Open-Access: This article is an open-access article that was selected by an in-house editor and fully peer-reviewed by external reviewers. It is distributed in accordance with the Creative Commons Attribution NonCommercial (CC BY-NC 4.0) license, which permits others to distribute, remix, adapt, build upon this work non-commercially, and license their derivative works on different terms, provided the original work is properly cited and the use is non-commercial. See:
Corresponding author: Ahmad M Al-Taee, MD, Academic Fellow, Division of Gastroenterology and Hepatology, NYU Langone Health, 530 First Ave, HCC 4G, New York, NY 10016, United States.
Received: February 27, 2021
Peer-review started: February 27, 2021
First decision: May 13, 2021
Revised: August 18, 2021
Accepted: November 26, 2021
Article in press: November 26, 2021
Published online: December 27, 2021
Research background

Gastric antral vascular ectasia (GAVE) and portal hypertensive gastropathy (PHG) are two not uncommon causes of upper gastrointestinal bleeding in patients with cirrhosis. While endoscopic appearance can suggest the diagnosis, gastric biopsies are the current gold standard for differentiating PHG from GAVE.

Research motivation

Distinguishing GAVE from PHG is important as the management is different for the two conditions.
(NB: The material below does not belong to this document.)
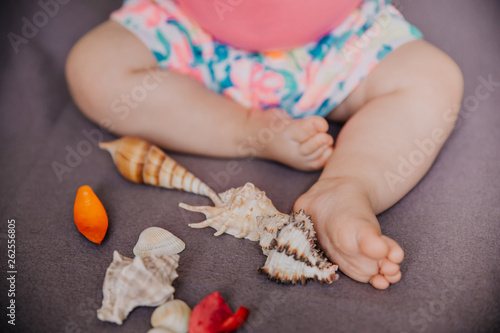 children's legs with sea shells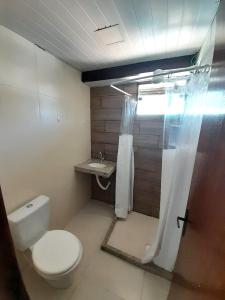 卡波布里奥Suítes Brisa Tropical的一间带卫生间和淋浴帘的浴室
Obtaining gastric biopsies to diagnose GAVE and PHG may be contraindicated given coagulopathy or thrombocytopenia which are commonly seen with cirrhosis. Here we hypothesized that I-scan virtual chromoendoscopy is more sensitive and specific than high-definition white light endoscopy (HDWLE) at diagnosing GAVE when compared to gastric biopsy.

Research objectives

The main objective of this work was to determine the added diagnostic value of virtual chromoendoscopy to high definition white light for real-time endoscopic diagnosis of GAVE and PHG.

Research methods

We developed an I-scan virtual chromoendoscopy criteria for diagnosis of GAVE and PHG. We then tested these criteria in a prospective cohort of cirrhotic adults with GAVE and PHG when HDWLE diagnosis was in doubt. We then compared the accuracy of I-scan vs HDWLE alone compared to histology.

Research results

I-scan with magnification demonstrated superior overall performance characteristics for real-time visual diagnosis of PHG and GAVE compared to HDWLE in patients with cirrhosis and ambiguous findings on endoscopic evaluation.

Research conclusions

This novel finding allows for an accurate, real time diagnosis in multiple critical clinical situations, such as when biopsy is contraindicated or when more urgent decisions regarding endoscopic management of gastrointestinal bleeding is needed.

Research perspectives

Utilizing I-scan with magnification may obviate the need for biopsies when visual diagnosis of either PHG or GAVE can be made with high confidence. This pilot work supports the further evaluation of I-scan in these challenging clinical situations using a larger sample size and a follow up of outcomes in a randomized fashion.